La actitud del cuidador debe basarse en el conocimiento del proceso, y en la comprensión de lo que esta ocurriendo en el enfermo.

Debe de tener una actitud de serenidad, paz, evitando los sentimientos de soledad, resentimiento y culpabilidad. Teniendo muy presente que el proceso de cuidado es largo, tedioso, y a veces poco gratificante, ello puede generar un agotamiento progresivo del cuidador, si este no se protege lo suficiente al cuidar.

Es fundamental mantener la máxima paz, serenidad, afectividad, disponibilidad, control personal, sonrisa verdadera y arte en el cuidado a lo largo del proceso.

Para ello, el cuidador debe de tener un marco en donde expresar sus miedos, sus sentimientos, en donde se sienta comprendido, seguro, apoyado, formado e informado, Para ello nada mejor que ponerse en contacto con las Asociaciones de Familiares de Enfermos de Alzheimer más cercanas.
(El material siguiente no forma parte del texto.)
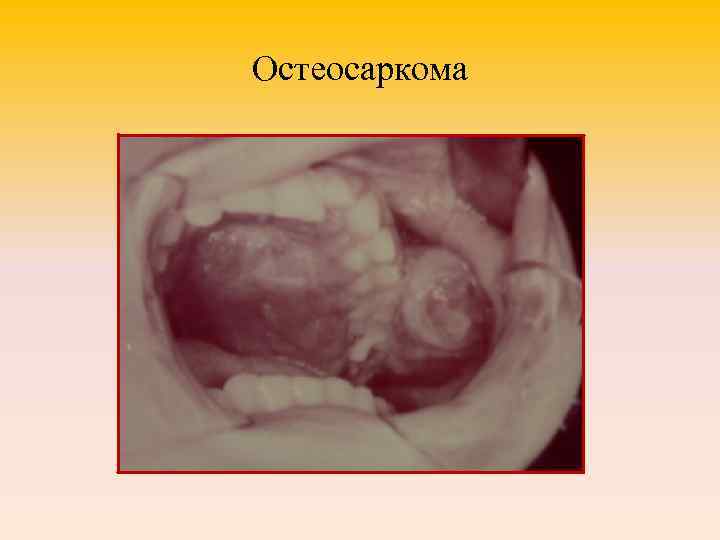 Остеосаркома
¿Qué actitudes hemos de emplear ante la perdida de memoria?

Es fundamental mantener la rutina diaria, evitar la corrección continua, ya que de esta forma vamos a generar un nivel de frustración contraproducente en el enfermo, ante la reiteración desviar la atención. Podemos potenciar la memoria inmediata mediante ejercicios de repetición de series de palabras, imágenes familiares, objetos cotidianos a los que haya mostrado interés. Un tipo de memoria que suele alterarse muy precozmente es la memoria olfatoria, para estimular esta, podemos realizar ejercicio de olfacción discriminativa acompañadas de reconocimiento visual. Para trabajar la memoria reciente recordar un acontecimiento cotidiano por ejemplo comida efectuada, o bien recordar una información o noticia periodística y evocarla al tiempo. Para trabajar la memoria remota efectuar trabajo de recuerdos cotidianos como nombres de la familia, direcciones y teléfonos.